RECORDS PROVIDED Start Marker

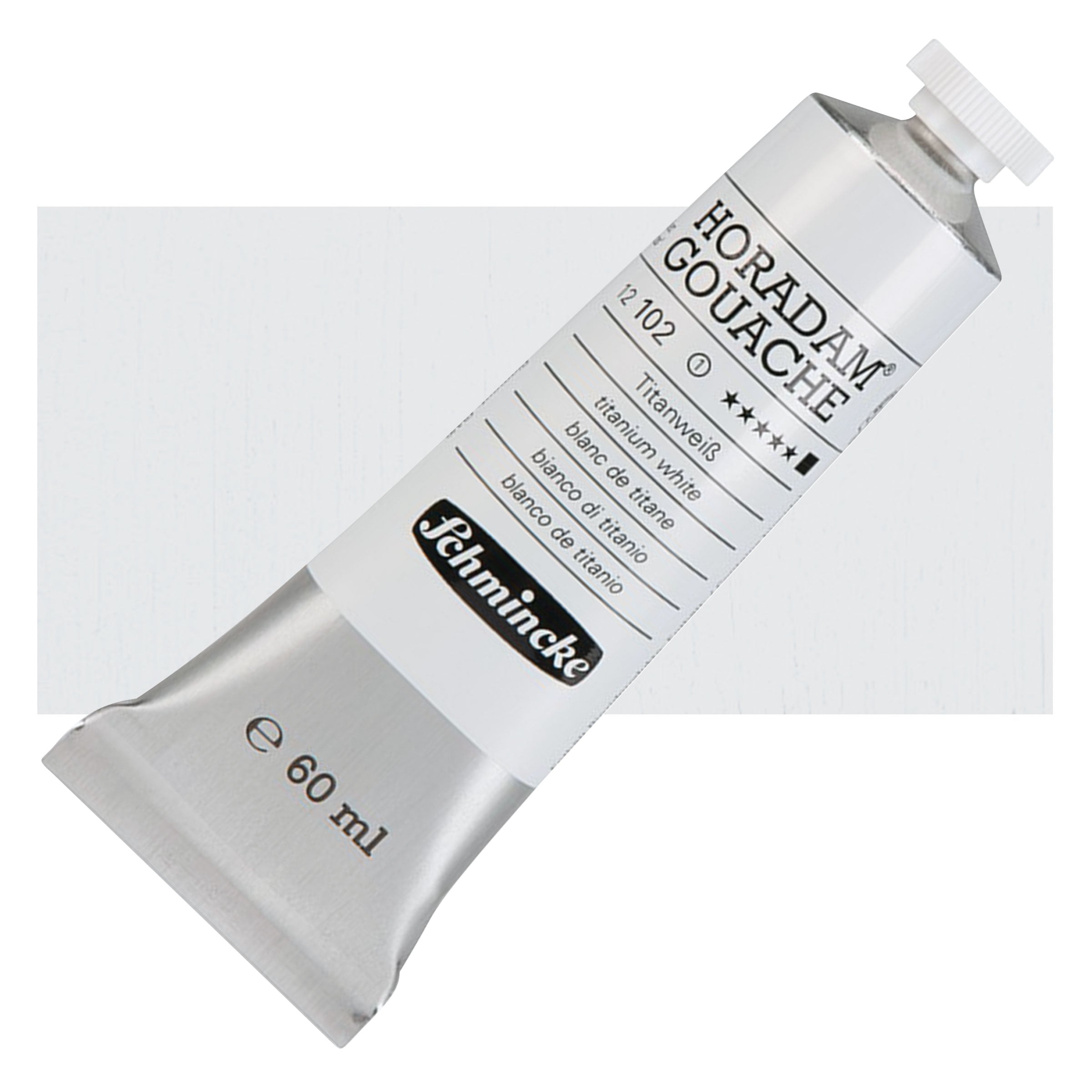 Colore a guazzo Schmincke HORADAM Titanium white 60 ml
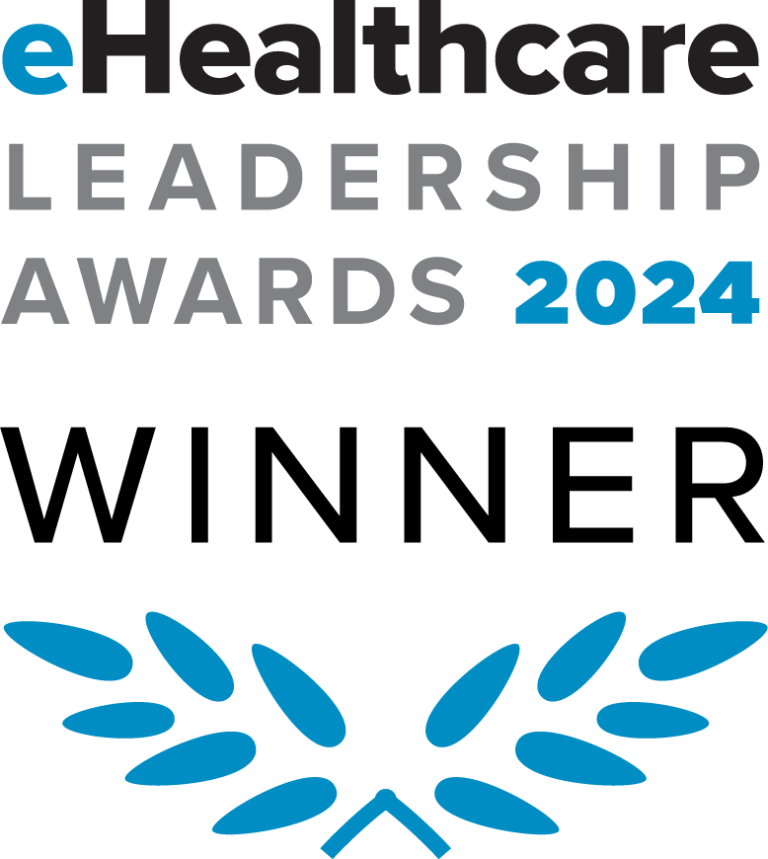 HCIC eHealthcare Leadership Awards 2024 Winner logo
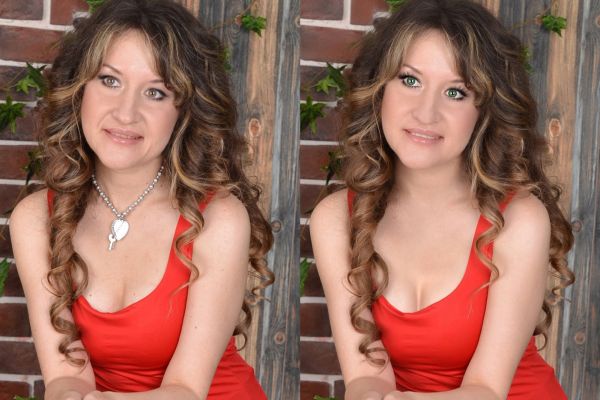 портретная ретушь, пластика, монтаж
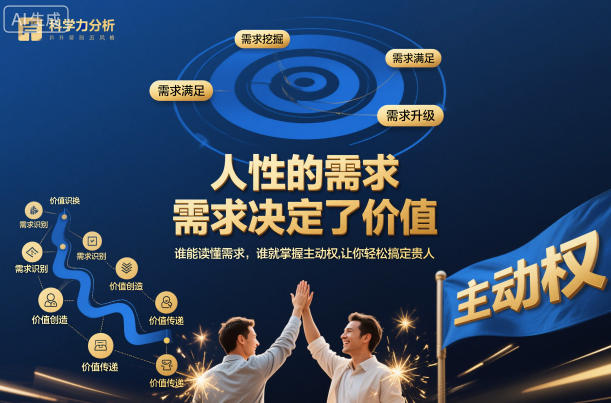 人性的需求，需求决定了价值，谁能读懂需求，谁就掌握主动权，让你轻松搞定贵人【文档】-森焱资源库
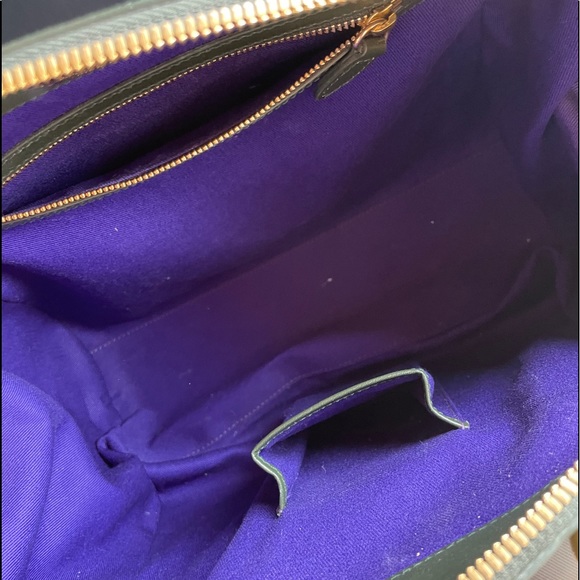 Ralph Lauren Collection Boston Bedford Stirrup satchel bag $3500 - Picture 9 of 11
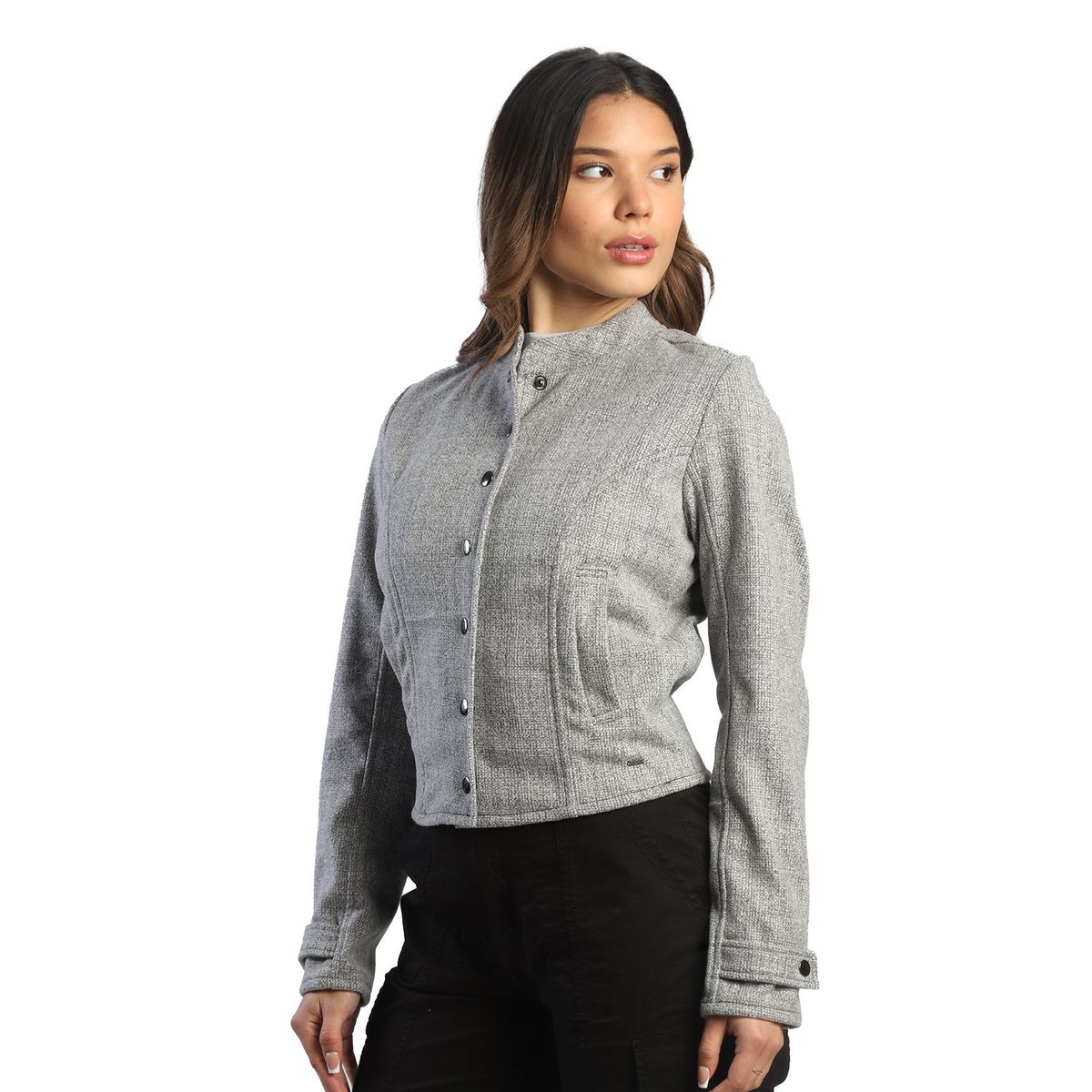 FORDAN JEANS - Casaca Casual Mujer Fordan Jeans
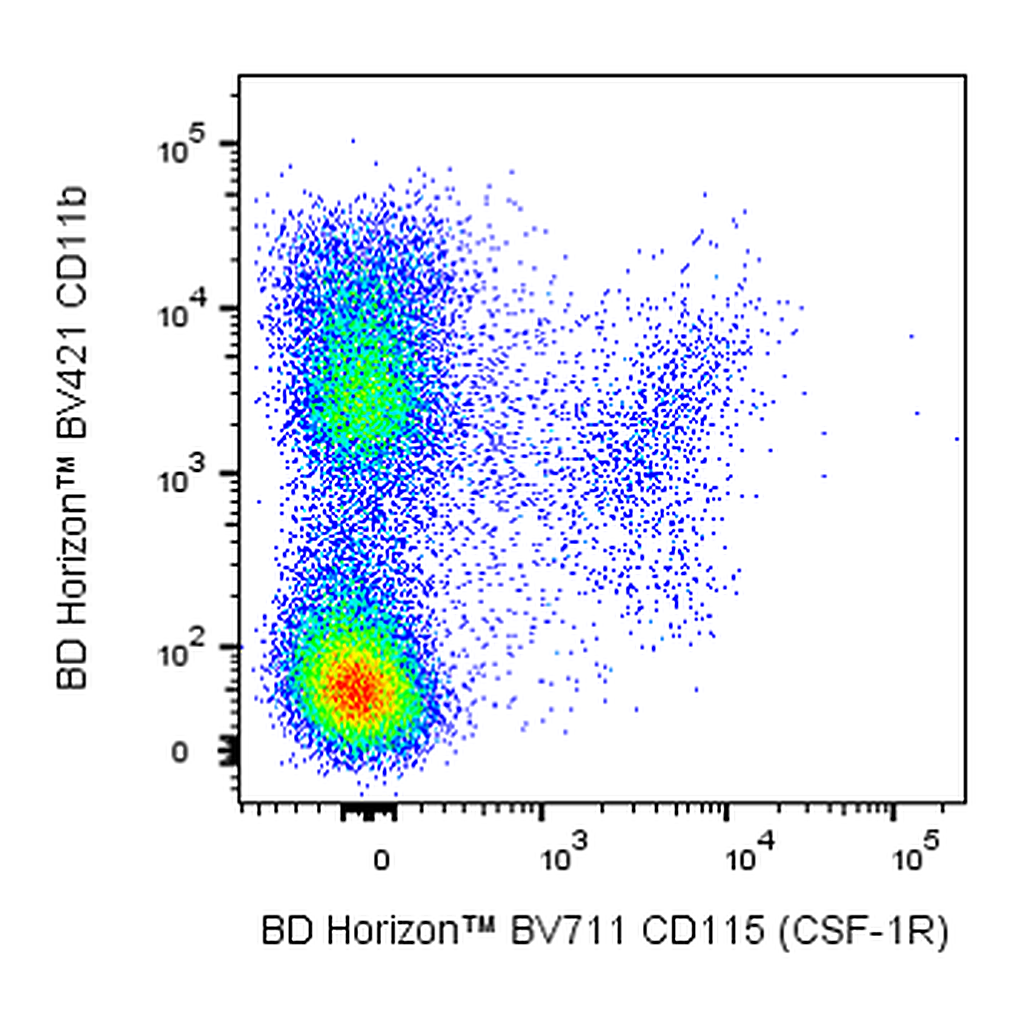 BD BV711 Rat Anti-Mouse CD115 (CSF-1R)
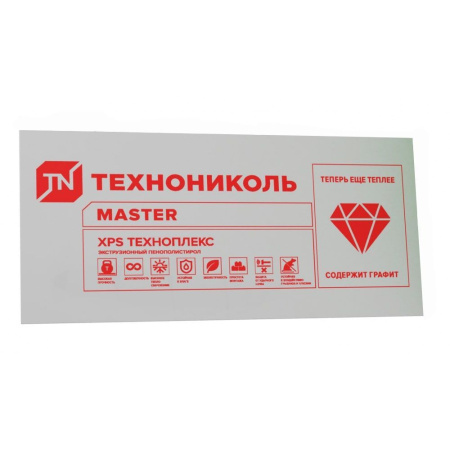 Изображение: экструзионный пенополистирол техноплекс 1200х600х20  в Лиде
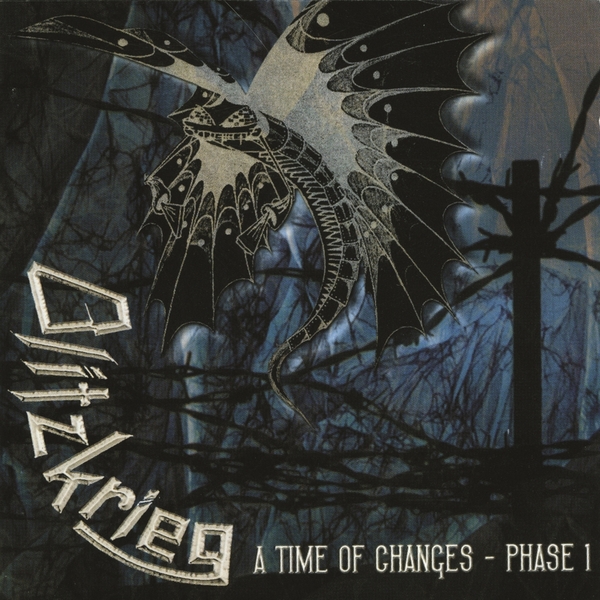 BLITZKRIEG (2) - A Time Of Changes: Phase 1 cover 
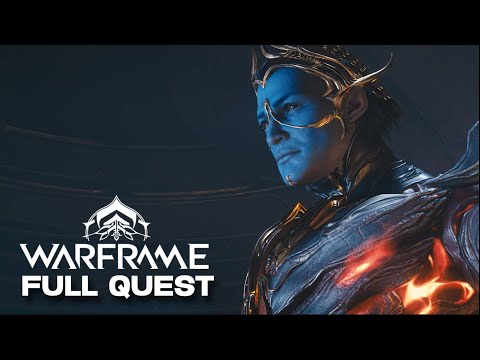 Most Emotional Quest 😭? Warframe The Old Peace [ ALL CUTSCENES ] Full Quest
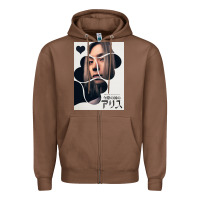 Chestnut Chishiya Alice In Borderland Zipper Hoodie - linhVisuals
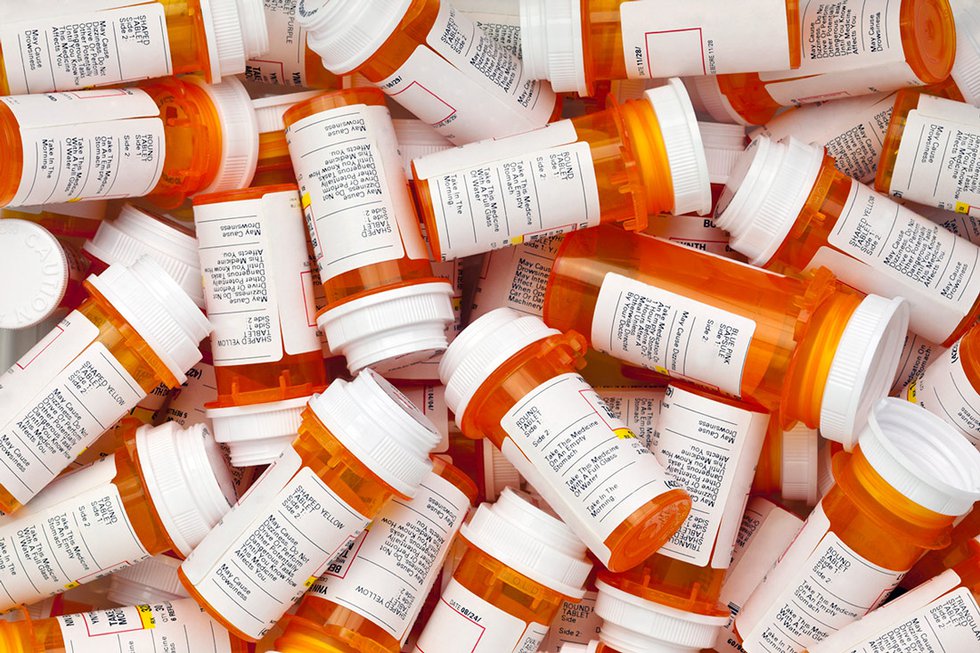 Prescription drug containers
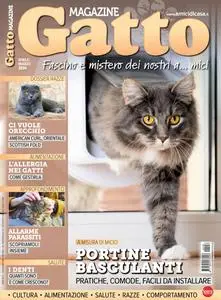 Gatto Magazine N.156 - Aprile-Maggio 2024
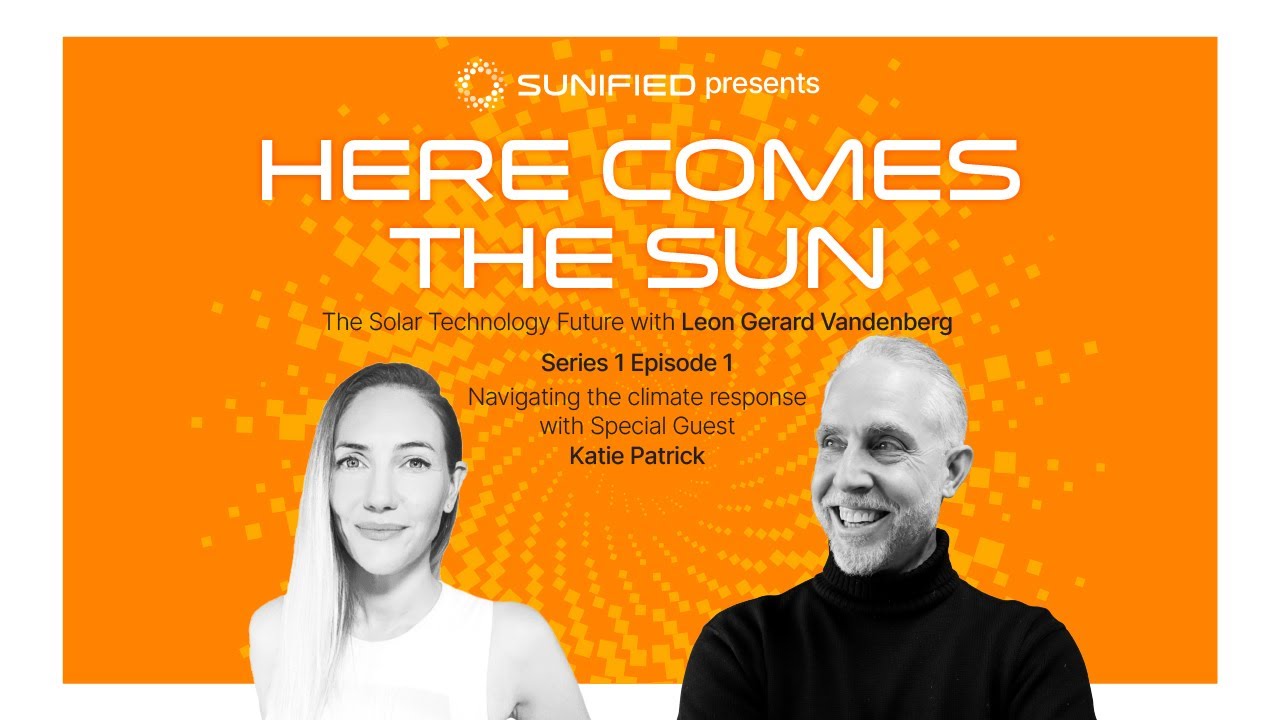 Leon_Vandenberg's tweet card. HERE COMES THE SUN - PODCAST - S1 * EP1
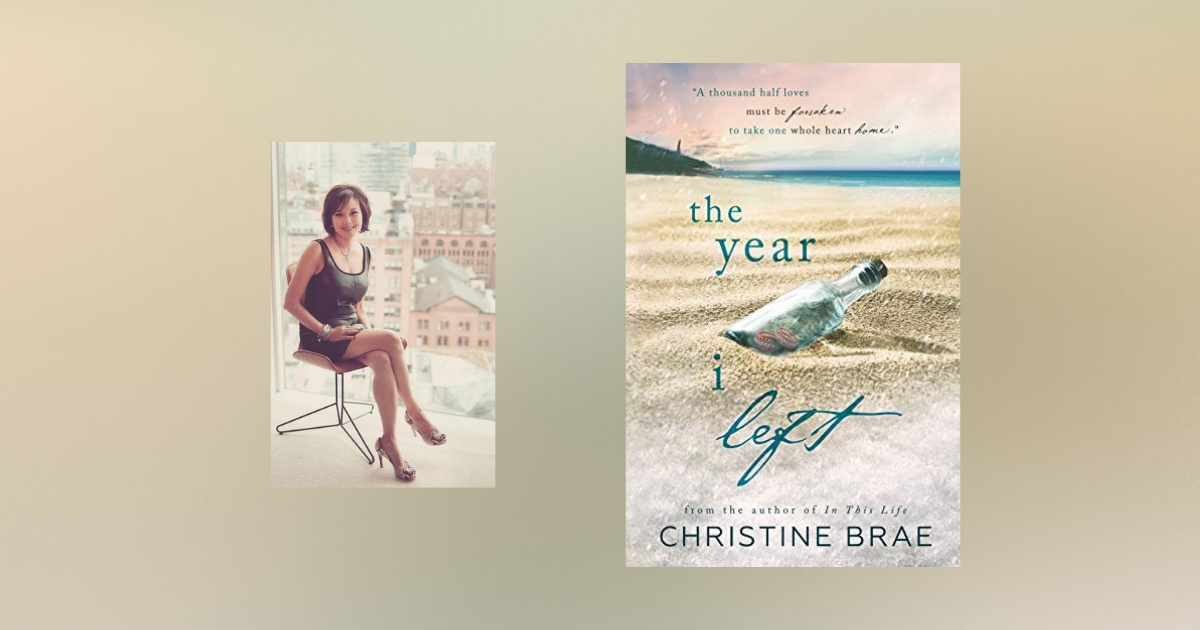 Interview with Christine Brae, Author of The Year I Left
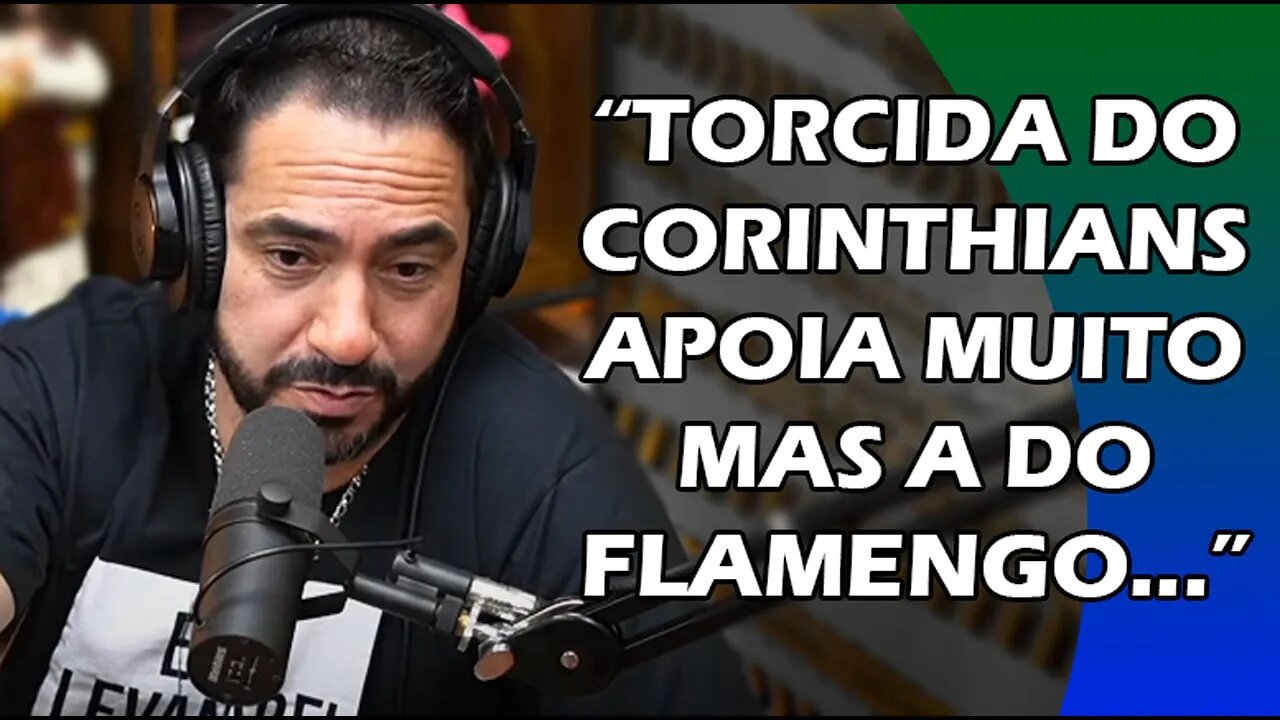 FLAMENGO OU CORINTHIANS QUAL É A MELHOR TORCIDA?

RECORDS PROVIDED End Marker

WHAT IS REQUIRED -
Your answer should consist solely of the lines from the line with "Gatto Magazine N.156 - Aprile-Maggio 2024" to the final line of the listing, set down word for word, pictures omitted.

RESPONSE TO THIS EXERCISE -
 Gatto Magazine N.156 - Aprile-Maggio 2024
 Leon_Vandenberg's tweet card. HERE COMES THE SUN - PODCAST - S1 * EP1
 Interview with Christine Brae, Author of The Year I Left
 FLAMENGO OU CORINTHIANS QUAL É A MELHOR TORCIDA?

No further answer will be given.